All tunes composed by Alan Dickson except traditional tunes ‘The Fall of the Leaf’ and ‘McAllum's Lament’.

'Traces of Freedom' is organised around  the theme of hope (air). Feeling connected to the land is more than having access to it; it's about having the freedom to create a better way of life, yet the laws of Scotland govern against this. The songs in this EP remind us that the latent force of hope is a necessary prerequisite for creating a better future.

Supported by the Alistair Hulett Memorial Trust.

Traces of Freedom


Now Westlin Winds (Robert Burns)

An 18th century song that offers a 21st century ecological vision! One of Burns's best loved songs, wriiten in 1775.


We’ll Make the World Better Yet (Robert Nicoll)

Nicoll, a much forgotten radical figure from the early nineteenth century expresses discontent against the establishment of the day, yet also offers hope. He is buried in Leith.


Nature and Freedom (David Wright)

Wright, a shoemaker from Aberdeen reminds us that through its beauty, nature offers us a path to freedom, though all men are not free. Published in the Northern Star in 1845.


The Land! The Land For Me (John Peacock)

This is a plea for a plot of ground. Extending ownership of the land was central to Scottish Chartism. Published in the Northern Star in 1846. Peacock was from Greenock.


Kinnoull Hill (Alan Dickson)

Inspired by Patrick Geddes’s period of self-reflection in Mexico in 1879; that helped shape his ecological vision ‘Think Global, Act Local’. As a boy, he'd often roam Kinnoull Hill after school.


Sowers and Reapers (William Allan)

Written in 1882, one of the earliest set of lyrics to rail against ‘laird-fashioned laws’ and to show an understanding of land values.


Freedom of the Hills (Robert Bird)

Written in 1893, Bird was from Govan, and a member of the Glasgow Ballad Club. In this song he perceives the dangers of man to nature and warns against them.


All tunes composed by Alan Dickson except ‘Now Westlin Winds’ and ‘Kinnoull Hill’ (set to the traditional Irish tune ‘Spancil Hill’).

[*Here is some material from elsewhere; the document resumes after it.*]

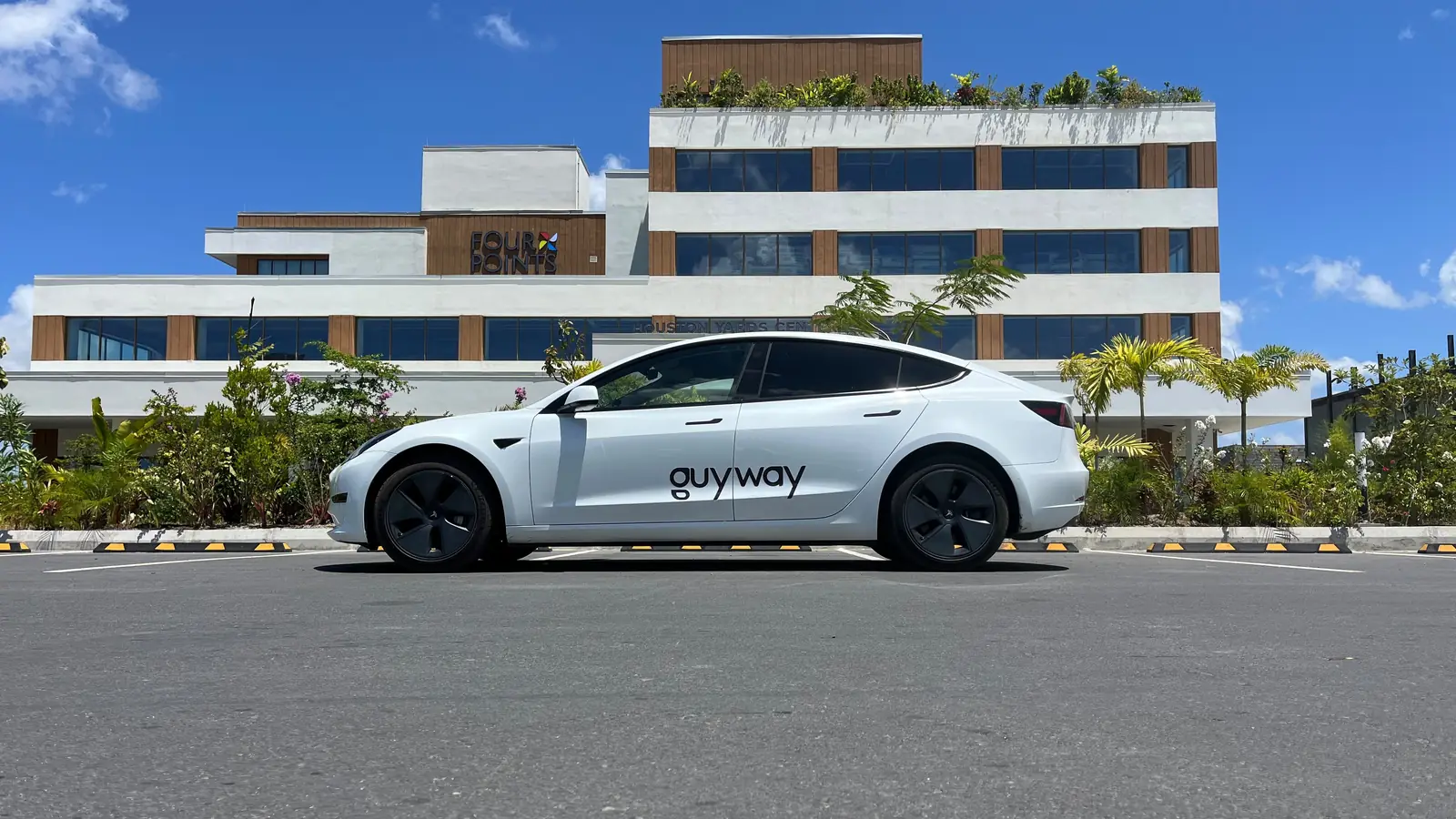 White GuyWay Tesla Model 3 outside the Four Points hotel in Georgetown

'This Land is Our Land' is organised around the theme of protest (fire). When thinking of protest song and the land, most people might think of Woody Guthrie's 'This Land is Your Land', but Scotland has its own tradition*, where land has been the backdrop to song over the past 300 years. Owning land has meant power, but down the years, taming Scotland's landed oligarchy has proved more daunting than gaining democracy, with less than 500 people today controlling half of all the land in Scotland.

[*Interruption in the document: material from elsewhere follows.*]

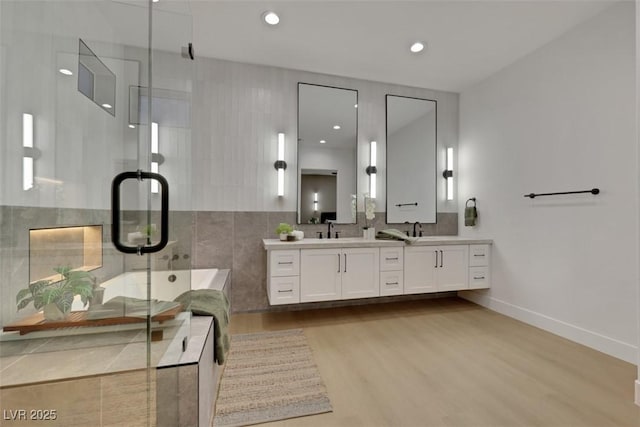 bathroom featuring a sink, double vanity, a shower stall, wood finished floors, and a garden tub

*Not necessarily Scottish per se, but a tradition that is informed by British movements in Scotland.

Supported by the Alistair Hulett Memorial Trust.


This Land is Our Land

 

Levellers' Lines  

This song was sung during the Galloway Levellers uprising in 1724, when 1000s of tenants/cottars were displaced to make way for large cattle parks. Written by tenant farmer James Charters.

 

William Ogilvie

This song, written by Alan Dickson, is based on William Ogilvie’s influential and historic land reform treatise 'Essay on Rights of Property in Land', published anonymously in 1782. 

 

Scots Wha Hae/Democracy

Scots Wha Hae was written by Robert Burns in 1793 in response to the trial of Thomas Muir who championed the extension of the franchise. It was sung by radical reformers and Chartists in the 1820s ‘30s and ‘40s. 

 

Dark Bonnymuir

Reputedly written by Allan Barbour Murchie not long after the 'Battle of Bonnymuir' when a band of Scottish Radicals marched to take over the Carron Iron Works in April 1820. 

 

We'll Have Our Highlands Righted Yet

In late 19th century Scotland the Celtic Magazine helped to support the Highland cause by publishing articles, poems and songs. This was one such contribution, submitted in 1878 by William Allan.